You are viewing a plain text version of this content. The canonical link for it is here.
Posted to dev@airflow.apache.org by ra...@gmail.com, ra...@gmail.com on 2018/03/28 14:03:05 UTC

Airflow Scalability with Local Executor

Hi All,
We have a use case to support 1000 concurrent DAGs. These dags would have have couple of Http task which would be submitting jobs to external services. Each DAG could run for couple of hours.
HTTP tasks are periodically checking(with sleep 20) the job status.
We tried running 1000 such dags(Parallelism set to 1000) with Airflow's LocalExecutor Mode but after 100 concurrent runs, tasks started failing due to
--> OOM error
--> Scheduler marked them failed because of lack of heartbeat.
We are using 4 cores and 16 GB RAM. Each airflow worker is taking ~250 MB of Virtual memory and ~60 MB of RES memory which seems to be on higher side.
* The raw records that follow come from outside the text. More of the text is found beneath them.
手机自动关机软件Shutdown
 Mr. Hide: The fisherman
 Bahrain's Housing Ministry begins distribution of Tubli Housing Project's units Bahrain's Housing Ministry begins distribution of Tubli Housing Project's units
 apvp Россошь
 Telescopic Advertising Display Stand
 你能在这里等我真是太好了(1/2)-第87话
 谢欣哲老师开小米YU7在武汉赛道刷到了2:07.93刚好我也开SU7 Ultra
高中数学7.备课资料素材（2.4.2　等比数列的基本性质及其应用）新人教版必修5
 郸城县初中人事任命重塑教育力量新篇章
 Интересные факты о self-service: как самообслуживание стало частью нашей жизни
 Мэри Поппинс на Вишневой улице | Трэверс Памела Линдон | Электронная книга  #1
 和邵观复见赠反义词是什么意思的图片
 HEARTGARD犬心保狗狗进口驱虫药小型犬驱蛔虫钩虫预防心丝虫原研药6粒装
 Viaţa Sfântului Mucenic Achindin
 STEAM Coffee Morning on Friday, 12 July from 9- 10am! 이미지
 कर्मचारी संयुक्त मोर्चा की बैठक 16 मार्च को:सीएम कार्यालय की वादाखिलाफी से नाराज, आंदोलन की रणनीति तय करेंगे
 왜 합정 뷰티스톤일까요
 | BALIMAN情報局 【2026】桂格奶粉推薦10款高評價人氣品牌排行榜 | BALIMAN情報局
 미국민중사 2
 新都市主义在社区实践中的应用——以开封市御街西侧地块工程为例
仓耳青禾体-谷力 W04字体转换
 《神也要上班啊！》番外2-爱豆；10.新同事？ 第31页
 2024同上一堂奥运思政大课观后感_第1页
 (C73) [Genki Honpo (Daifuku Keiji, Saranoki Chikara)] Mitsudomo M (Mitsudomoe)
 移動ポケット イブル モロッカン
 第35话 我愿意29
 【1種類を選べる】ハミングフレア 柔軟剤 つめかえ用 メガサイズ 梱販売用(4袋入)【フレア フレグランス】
CPU utilisation is also ~98%.
Is there anything that can be done to optimise Memory/CPU for airflow worker.
Any pointer to airflow benchmarking with LocalExecutor would also be helpful

Re: Airflow Scalability with Local Executor

Posted by Dan Davydov <da...@airbnb.com.INVALID>.
The LocalExecutor is great for running small numbers of DAGs/tasks, but it
is more of a starter executor meant to made Airflow work out of the box. I
would recommend switching to a different executor like the CeleryExecutor.

You are certainly right that there is room for reducing the memory
footprint of each Airflow process (though I'm not too sure how much can be
done about the CPU usage, could be a function of how your DAGs are parsed).
Even if you fix the current bottlenecks you will likely run into more.

On Wed, Mar 28, 2018 at 7:13 AM ramandumcs@gmail.com <ra...@gmail.com>
wrote:

> Hi All,
> We have a use case to support 1000 concurrent DAGs. These dags would have
> have couple of Http task which would be submitting jobs to external
> services. Each DAG could run for couple of hours.
> HTTP tasks are periodically checking(with sleep 20) the job status.
> We tried running 1000 such dags(Parallelism set to 1000) with Airflow's
> LocalExecutor Mode but after 100 concurrent runs, tasks started failing due
> to
> --> OOM error
> --> Scheduler marked them failed because of lack of heartbeat.
> We are using 4 cores and 16 GB RAM. Each airflow worker is taking ~250 MB
> of Virtual memory and ~60 MB of RES memory which seems to be on higher
> side. CPU utilisation is also ~98%.
> Is there anything that can be done to optimise Memory/CPU for airflow
> worker.
> Any pointer to airflow benchmarking with LocalExecutor would also be
> helpful
>